1 - La Classe Promenade

« Les promenades scolaires sont autrement précieuses pour une meilleure adaptation de notre enseignement. On peut y faire d’excellentes leçons de sciences, de langage, de calcul, d’histoire et de géographie. Mais comment, au cours élémentaire et au cours préparatoire, les faire servir à l’un des enseignements les plus pressants : celui de la lecture ? C’est en pensant à tout le bénéfice qu’on pourrait retirer de lectures se rapportant aux choses qui nous auraient intéressés que j’imaginai d’en faire imprimer le texte » 217 .

Premier dispositif, mis en place par Freinet, qui va chercher dans le recours à l’extérieur l’une des sources d’acquisition des connaissances. Ces sorties organisées autour du village sont souvent considérées comme les prototypes de ce qu’on appelle aujourd’hui les séquences pédagogiques de découverte du milieu.

La classe–promenade fut pour Freinet la planche de salut. Au lieu de somnoler devant un tableau de lecture, à la rentrée de la classe de l’après–midi, ils partaient dans les champs qui bordaient le village 218 . Il était normal que, dans cette atmosphère nouvelle, dans ce climat non scolaire, ils accédaient spontanément à des formes de rapports qui n’étaient plus celles, trop conventionnelles, de l’école. Ils se parlaient, se communiquaient, sur un ton familier, les éléments de connaissance qui leur étaient naturels et dont ils tiraient tous, maître et élèves, un profit évident. Quand ils retournaient en classe, ils écrivaient au tableau le compte rendu de la promenade. Mais ce n’était là qu’un coin lumineux enfoncé provisoirement dans le mur de la scolastique.

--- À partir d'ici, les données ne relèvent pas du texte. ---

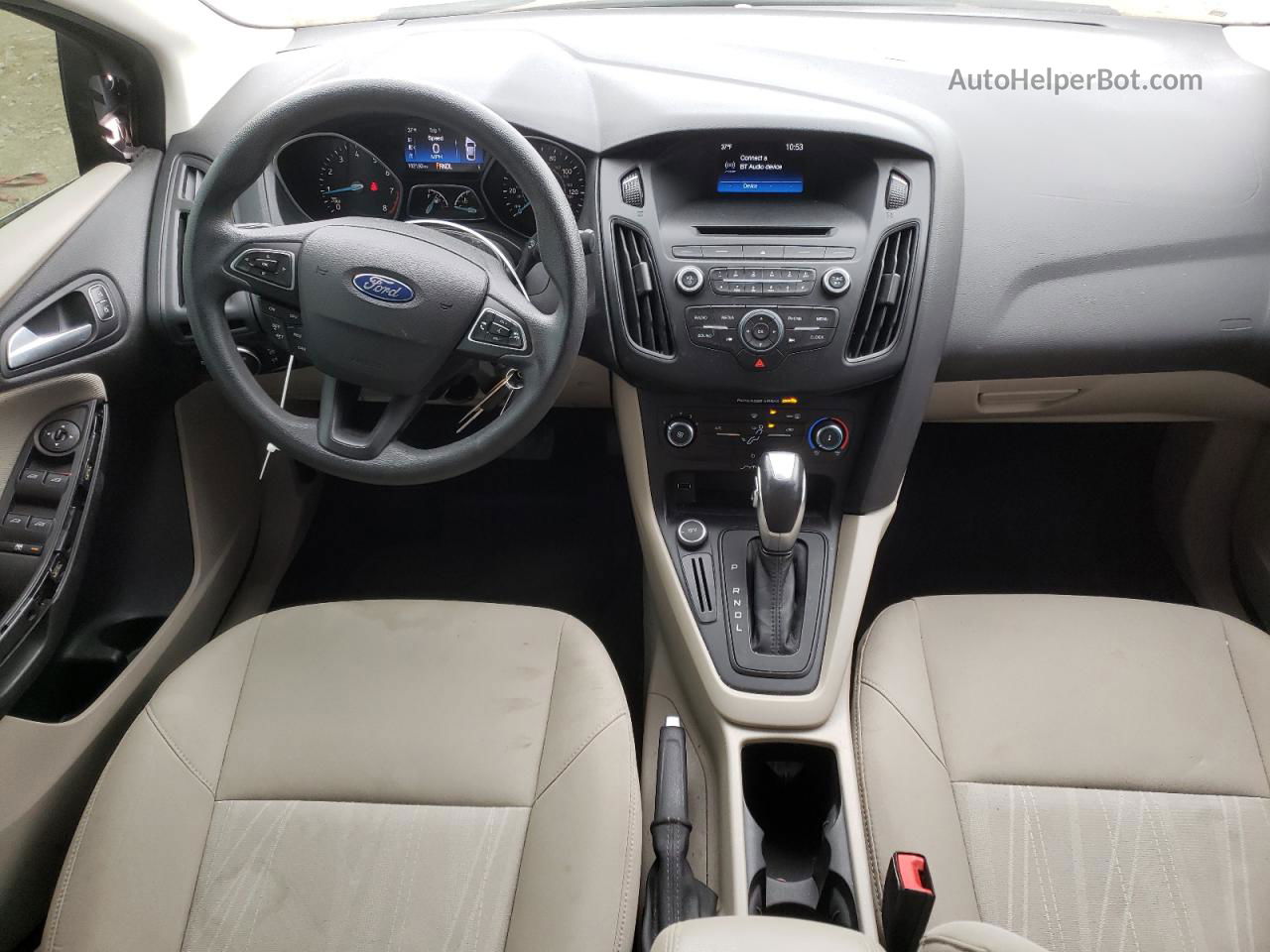 2015 Ford Focus Se Серебряный vin: 1FADP3F25FL361843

La vie s’arrêtait à cette première étape, faute d’outils nouveaux et de techniques adéquates. Il y avait divorce total, et inévitable, entre la vie et l’école. Le travail auquel ils s’étaient ainsi contraints perdait de ce fait tous les avantages du travail vivant pour devenir une tâche fastidieuse et sans portée.

Les qualités que ces fonctions exigent ne peuvent absolument pas s’acquérir dans un groupe anonyme. Elles peuvent se développer que si on a la possibilité effective de travailler, d’agir et de vivre individuellement et socialement. Il faut s’efforcer d’organiser la démocratie à l’école.

Selon Freinet, on ne peut éduquer que dans la dignité, il s’agit de faire respecter les enfants, ceux–ci devant respecter leurs maîtres, est une des premières conditions de la rénovation de l’école.

Mais dans la pratique de la classe–promenade de Freinet il y a tout autre chose, à savoir la démarche d’apprendre par les autres à partir de leur expérience, dans un contexte de communication. En effet, chaque enfant raconte à l’autre, avec ses mots, ce qu’il a vu, entendu, découvert ; et c’est dans cet échange que l’enfant construit son savoir. Il énumère les idées, les classent, leur donnent du sens. Nous sommes ici dans ces temps que l’on appelle aujourd’hui, les échanges de savoirs.

On redécouvre aujourd’hui les savoirs d’expérience, mais on oublie que Freinet les avait mis en pratique, en 1920, avec de jeunes paysans provençaux. C’est en regardant le monde, pas seulement au sens géographique ou naturaliste mais aussi dans une perspective culturelle sociale (discuter avec les artisans, les gens du village, toutes les personnes ressources venues du milieu humain environnant), que les enfants confrontent leurs représentations à d’autres descriptions du monde, à d’autres points de vue sur la réalité, à d’autres rapports à l’expérience et aux savoirs.

On comprend mieux alors l’importance des échanges sociaux de toutes sortes dans la pédagogie Freinet, et particulièrement les différentes formes d’échanges interscolaires.

Notes
217.

- FREINET. C., Chacun sa pierre, une expérience d’adaptation de notre enseignement : l’imprimerie à l’école, Ecole Emancipée, n° 8, 15 novembre 1925.

218.

- FREINET. C., FREINET. E., L’école buissonnière, film de JP Le Chanois, René Château Vidéo, 1949.